» WORK REQUIRED
Using the entries below, copy exactly each line from the line with "Eerste Nassaustraat 25" up to and including the line with "MultiPurpose CleaningPaste3", with every picture left out.

═══ TASK DATA

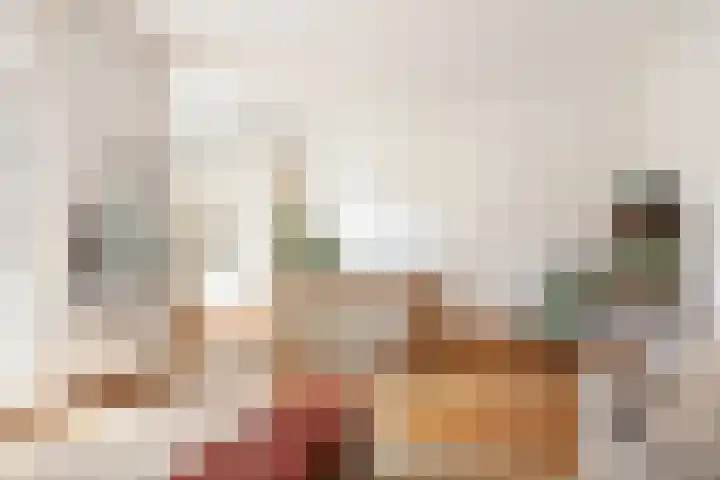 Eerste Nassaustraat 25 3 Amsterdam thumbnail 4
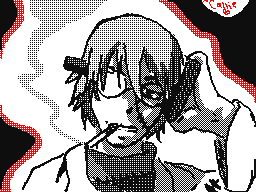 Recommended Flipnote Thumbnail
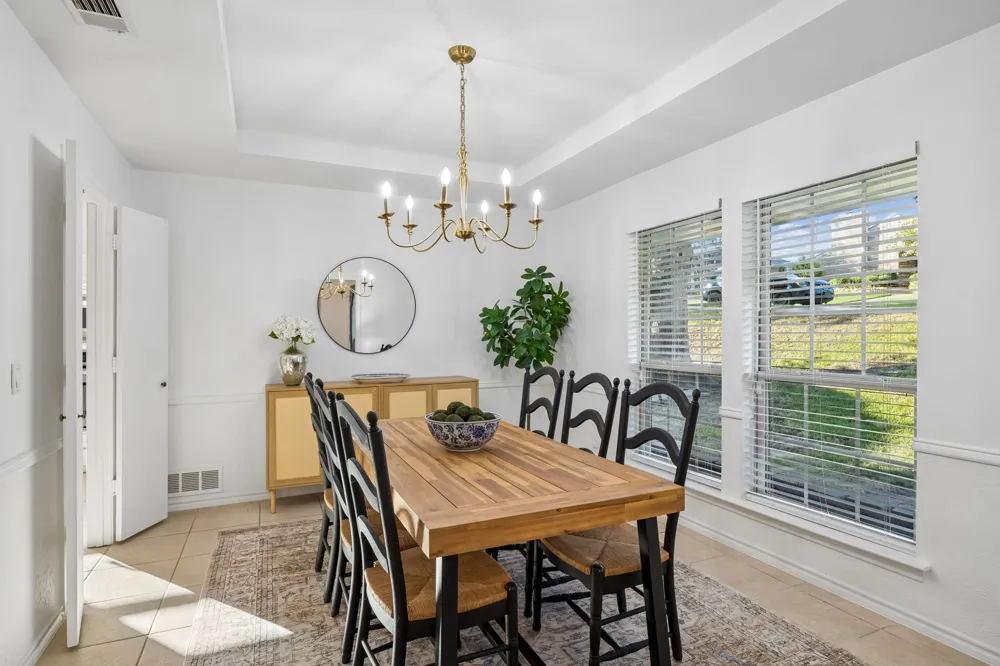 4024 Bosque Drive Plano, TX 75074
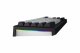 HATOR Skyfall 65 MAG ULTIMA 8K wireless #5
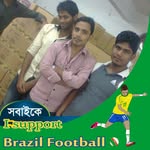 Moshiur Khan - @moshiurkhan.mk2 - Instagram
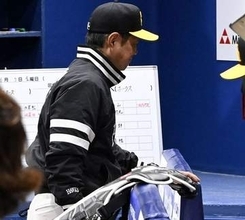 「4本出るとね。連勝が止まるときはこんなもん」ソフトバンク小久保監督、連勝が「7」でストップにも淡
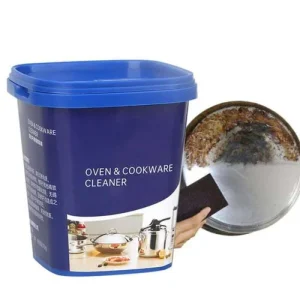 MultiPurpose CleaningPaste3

══════
═══ TASK DATA

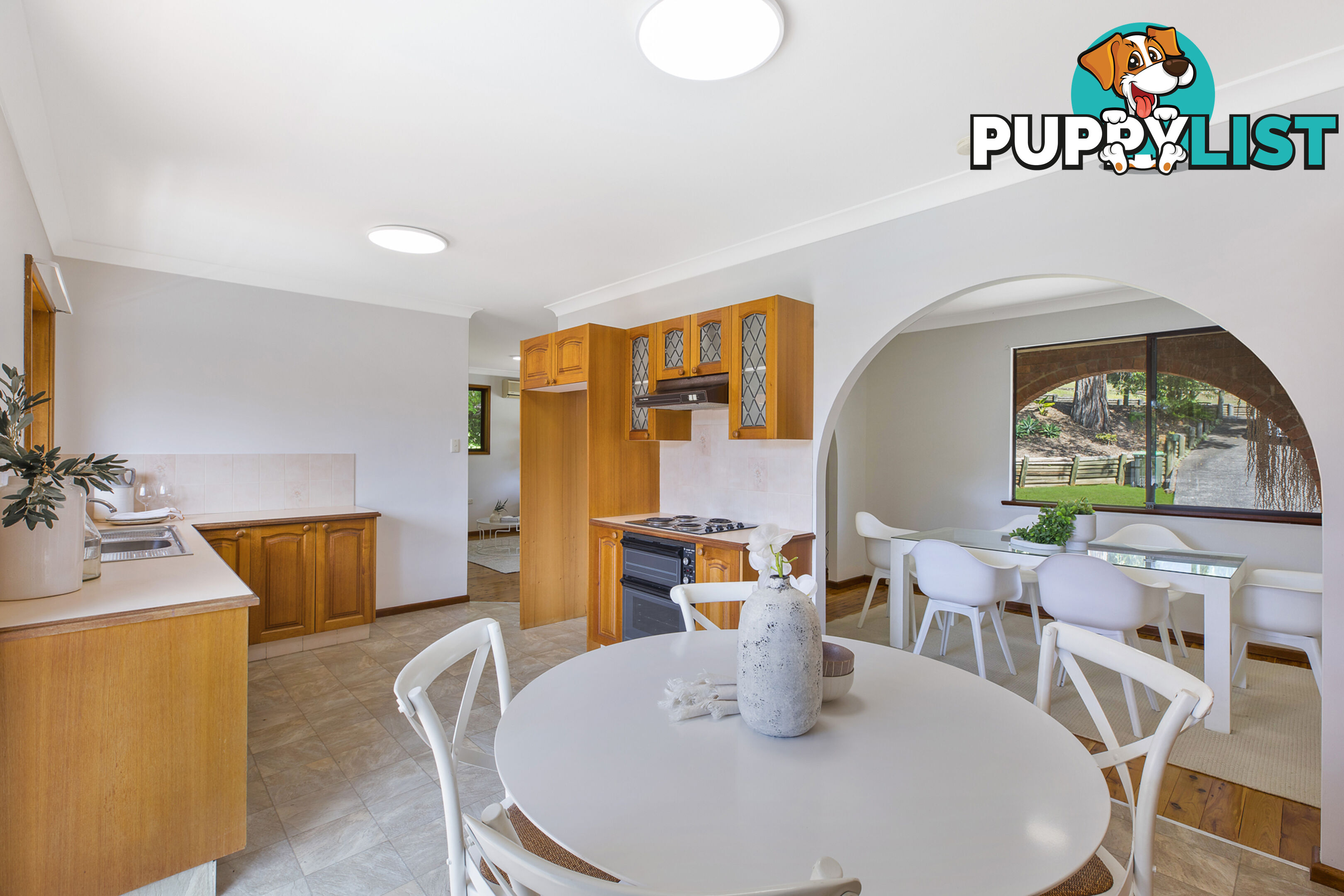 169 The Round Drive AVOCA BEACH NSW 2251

══════
═══ TASK DATA

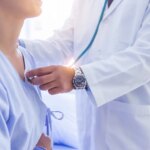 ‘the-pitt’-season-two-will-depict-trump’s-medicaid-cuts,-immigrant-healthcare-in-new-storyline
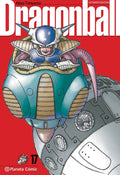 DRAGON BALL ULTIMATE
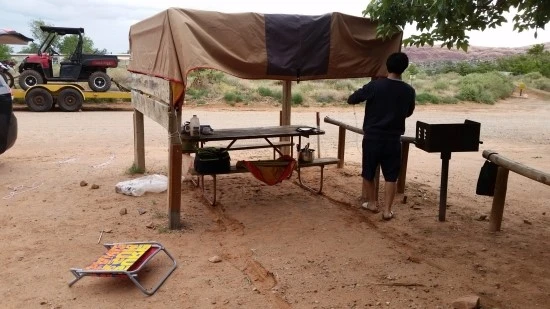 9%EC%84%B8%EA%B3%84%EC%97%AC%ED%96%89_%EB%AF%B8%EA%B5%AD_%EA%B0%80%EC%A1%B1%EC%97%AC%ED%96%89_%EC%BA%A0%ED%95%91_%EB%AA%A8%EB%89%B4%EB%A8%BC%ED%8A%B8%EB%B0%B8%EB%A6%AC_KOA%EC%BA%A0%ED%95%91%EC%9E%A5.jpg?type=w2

══════

» ANSWER SECTION
 Eerste Nassaustraat 25 3 Amsterdam thumbnail 4
 Recommended Flipnote Thumbnail
 4024 Bosque Drive Plano, TX 75074
 HATOR Skyfall 65 MAG ULTIMA 8K wireless #5
 Moshiur Khan - @moshiurkhan.mk2 - Instagram
 「4本出るとね。連勝が止まるときはこんなもん」ソフトバンク小久保監督、連勝が「7」でストップにも淡
 MultiPurpose CleaningPaste3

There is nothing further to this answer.